NSSAC / PEpiTA

Phase-based Epidemic Time series Analyzer.
MIT License
4 stars 2 forks source link

Use request.session storage instead of (most of) the current views.py global variables #8

Open bdklahn opened 10 months ago

bdklahn commented 10 months ago

I think the global variables are causing the issues of dataset pollution between sessions (e.g. even an additional private browsing tab, on the same computer).

https://github.com/NSSAC/PEpiTA/blob/36a2966b8a0d947c4bea6235a14ef5dcca12bd79/webdesign/polls/views.py#L22-L33

https://github.com/NSSAC/PEpiTA/blob/36a2966b8a0d947c4bea6235a14ef5dcca12bd79/webdesign/polls/views.py#L53

Global variables are generally a bad idea in any software engineering. It is almost always better/safer to explicitly pass things in, via function parameters, and utilize return values.

"Global variables allow you to share data across multiple functions, which can be useful in some situations. However, you should use this type of variable carefully and sparingly to avoid writing code that’s difficult to understand, debug, test, and maintain." https://realpython.com/python-use-global-variable-in-function/

I believe the current situation makes it possible for an uploadbutton branch . . . https://github.com/NSSAC/PEpiTA/blob/36a2966b8a0d947c4bea6235a14ef5dcca12bd79/webdesign/polls/views.py#L90 . . . in one session, to clobber the input_ts (and csvname, etc.) variable data of a subsequent evocation of a runbutton branch . . . https://github.com/NSSAC/PEpiTA/blob/36a2966b8a0d947c4bea6235a14ef5dcca12bd79/webdesign/polls/views.py#L136 . . . in another session.

Session data is already set up to utilize server tmp storage.

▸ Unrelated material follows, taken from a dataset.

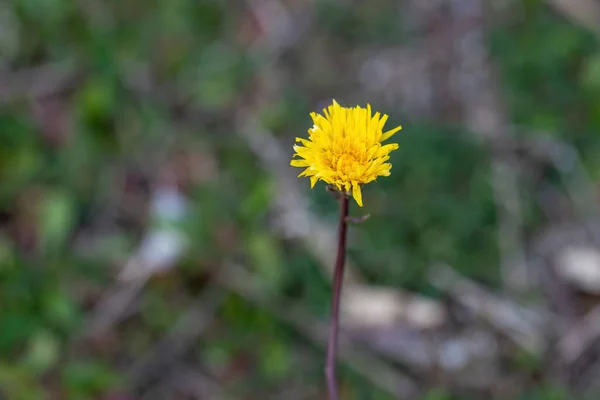 Primer Plano Una Flor Color Amarillo Brillante Cardo Siembra Sonchus — Foto de Stock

Django is also already configured to have session variables available to html templates. e.g.

In views.py index(request) function, we could do things like . . .

sess = request.session
sess.setdefault('csvname', '')

(etc.)

In index.html template: { request.session.csvname }

So, we might not even need to construct a "context" dictionary, and pass it to the render function. Maybe just add anything useful to the session dictionary.

Apparently, though, a session storage update is only automatically triggered by key value changes at the top level. If the content of a nested container (e.g. request.session['some_dict']['val1'] = 'new_val') is changed, that will require a manual triggering of an update, by . . . request.session.modified = True So it might be easiest/safest to just try to put things as basic data types, at the top level (e.g. not make a nested context dictionary one of the session key values).

Any utility functions called from index() could be passed the session dictionary, and get and set things from that. e.g. here: https://github.com/NSSAC/PEpiTA/blob/36a2966b8a0d947c4bea6235a14ef5dcca12bd79/webdesign/polls/views.py#L321-L322

Does that make sense, @ajs997 (@srinivvenkat, @bryanleroylewis ) ?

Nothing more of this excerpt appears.